If the Government wishes to take some crumbs of comfort from the IMF report regarding the perceived praise of the measures the Government is taking to address the economic crisis, it cannot in logic avoid dealing with the devastating critique of its actions and inactions during the period from 2002 to 2007 in particular. Senator Boyle's party can avoid that in logic and in fairness to it because it was not in government at the time. There are one or two members of the current Government who, as the Minister for Finance, Deputy Brian Lenihan, took great care to point out, were not members of the Government during that period. However, 15 people were in that room between 2002 and 2007, including some of the people, such as the Minister for Defence, Deputy O'Dea, and others, who are now attempting to avoid the devastating criticism of the actions of that Government during that period.

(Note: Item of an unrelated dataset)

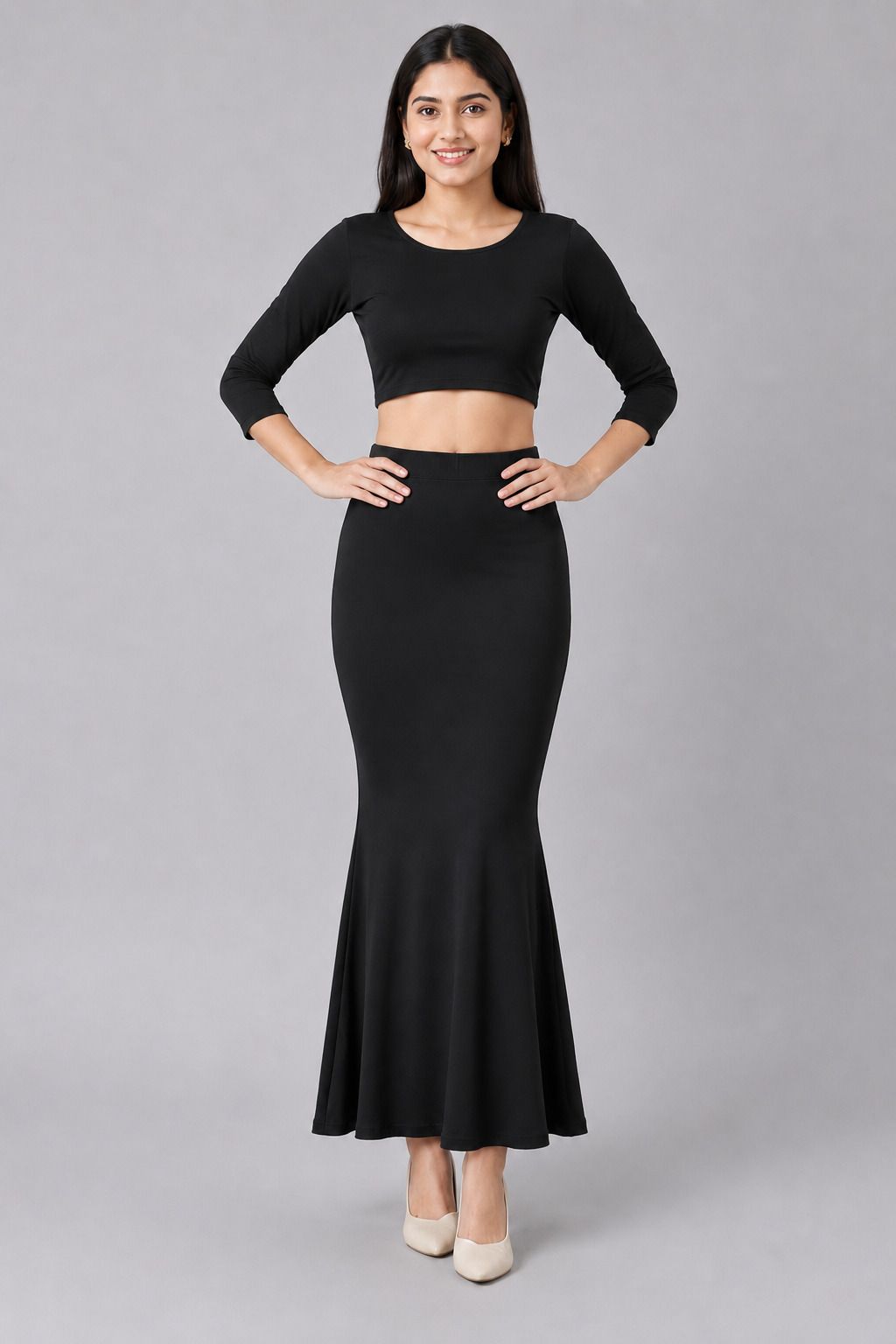 Fish cut shapewear skirt in Black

We talk about clearing away boards of banks and of institutions that have done wrong. How could any individual politician who was a member of that Government and sat in that room when the door closed for Cabinet meetings between 2002 and 2007 ever honestly hold up his or her head again and suggest to the people that he or she could continue to be a member of the Government of this country, given what has been said and seen in recent months in respect of its stewardship and failure to guide the economy properly and prudently during that period. None of those people who took us to where we are deserves to be a member of the Government in the future.

I agree with Senator Twomey on the need for a debate. Senator Hanafin and others have made a cry for a debate on what all the parties would do. He wants the Opposition to make proposals to deal with a shortfall of €20 billion whereas the Government is talking about dealing - not today or tomorrow, but sometime later in the autumn - with a shortfall of €4 billion. We have the extraordinary situation where the Labour Party and Fine Gael are being asked to make proposals to deal with a shortfall of €20 billion when the Government is talking about €4 billion and is not even making its own proposals until some time in the autumn. Let us have some reality about the nature and level of the debate that people want and expect from Opposition parties and the level of application, knowledge and information that people on the Government side expect from Opposition parties when the Government, itself, does not even have the proposals it deems necessary to deal with the €4 billion shortfall to which it points.

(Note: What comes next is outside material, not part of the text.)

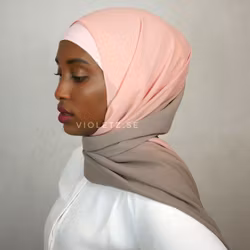 Instant Chiffong hijab med undersjal - ombré sahara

It would be useful to have a debate on the IMF report because at least people would then need to read that report. They would need to avoid the spin and deal with the facts. This is not spin; this is a fact. A clear disagreement is manifest in the IMF report regarding the Government's position on possible nationalisation of the banks. The Government needs to face up to that. I quote from the IMF report in considering what nationalisation might achieve.

Having taken control of the bank, the shareholders would be fully diluted in the interest of protecting the taxpayer and thus preserving the political legitimacy of the initiative. The bad assets would still be carved out, but the thorny issue of purchase price would be less important, and the period of price discovery longer, since the transactions are between two government-owned entities. The management of the full range of bad assets would proceed under the NAMA structure.

This is precisely what we in the Labour Party have been saying about nationalisation. The report continues to state:

The authorities [meaning the Government] prefer that banks stay partly in private ownership to provide continued market pricing of their underlying assets. They disagreed [in other words the Government disagreed] with the staff's view that pricing of bad assets would be any easier under nationalization.

Given that the word "disagreed" is used, how could it not be a disagreement? That is a clear disagreement and cannot be spun in the way it is being spun to suggest there is not a disagreement.